Se dirigió a una estantería y tomó una carpeta. ("Mapas del castillo")

-Ya está. Pasemos los cuatro a esta sala adyacente.

("Para no cruzarnos cuando venga Sev por la tarde")

Entraron en una amplia estancia preparada para practicar Duelo, en una esquina, otra puerta. El director cerró la puerta a su espalda.

-Muy bien. Conseguí del Ministerio dos giratiempos. Uno para el señor Snape y otro para ustedes. Me costó lo mío, porque lo normal es pedirlos a principio de curso, cuando los alumnos se matriculan de demasiadas optativas a las que no pueden acudir. Tuve que poner la excusa de que había alumnos dispuestos a preparar varios TIMOS, como de hecho están haciendo ustedes. Por suerte, coló. A éste he tenido que ampliarle la cadena para poder usarlo entre los cuatro.

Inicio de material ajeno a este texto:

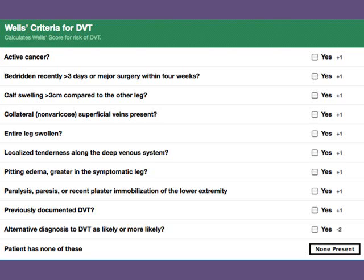Are there localized tendernesses along the venous system? Is there signs of pitting edema within the symptomatic leg? Do they have a history of a deep vein thrombosis? Or are there any other diagnoses on your differential that are likely or more likely than a DVT?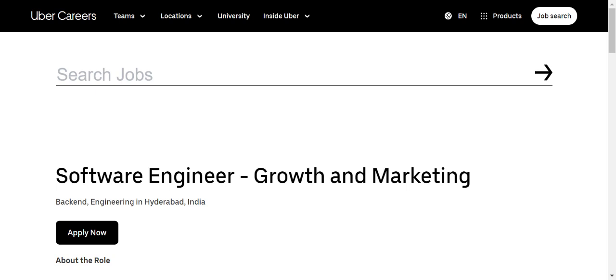Now we will talk about today's job update. The job position is Software Engineer - Growth and Marketing. Qualification required is Bachelor's or Master's degree in engineering. There is no restriction for stream. Experience required is 0 to 3 years, and job location will be Hyderabad.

-Muchas gracias, profesor – dijo Lily.

-No me las dé, señorita Evans, es lo poco que he podido hacer por ustedes hasta ahora. Usémoslo ya y así podremos hablar con mayor tranquilidad.

Los cuatro se aproximaron entre sí y Dumbledore pasó la cadena dorada en torno a sus cuellos. Consultó su reloj.

-Las diez en punto. ¿Tienen ustedes la misma hora?

Los tres consultaron y ajustaron sus relojes.

-Muy bien, cuando retrocedamos cinco horas, serán las cinco de la madrugada. Les espera un largo día por delante.

("Y a él todavía más, porque por la tarde ha de ver a Sev.")

El director giró el mecanismo de la esfera dorada cinco veces, al tiempo que se hacía de noche tras las ventanas y se encendían las antorchas.

("Vaya, ahora mismo estamos durmiendo en casa y Sev todavía en la enfermería.")

-Pasemos a esta otra estancia, para conversar un rato tranquilamente.

Se dirigió a la esquina donde estaba la puerta, que se abrió al acercarse él, sin necesidad de que sacara la varita.

("Todo con la mente, como las Magias Ancestrales.")

-Pasen, si son tan amables.

Había una amplia mesa con cuatro cómodas butacas para sentarse alrededor. ("Todas iguales. Esto ya lo ha preparado de antemano, quizá desde que Sev le dejó caer que tenía poco tiempo, debe haber descansado muy poco estos días y vaya día le espera. Y nos va a tratar como iguales.")

-Tomen asiento, por favor. Señorita Evans, usted a mi lado.

Habló Cecile.

-Profesor, déjese de formalidades. Llámenos por nuestros nombres y tutéenos, todos estamos en el mismo barco y somos colaboradores.

Los tres notaron a Albus Dumbledore profundamente conmovido.

-Gracias, Harb, perdóname, no recuerdo tu nombre.

-Cecile, profesor.

-No me tratéis vosotros tampoco formalmente. Soy Albus, sin más, podéis tutearme también.

Se volvió hacia Lily.

-¿Lily o Lillian?

-Todos me llaman Lily, excepto mi padre cuando se pone serio conmigo.

-Vale, yo también lo haré, aunque espero que no será necesario, hija.

("Buah… Está a punto de llorar de emoción.")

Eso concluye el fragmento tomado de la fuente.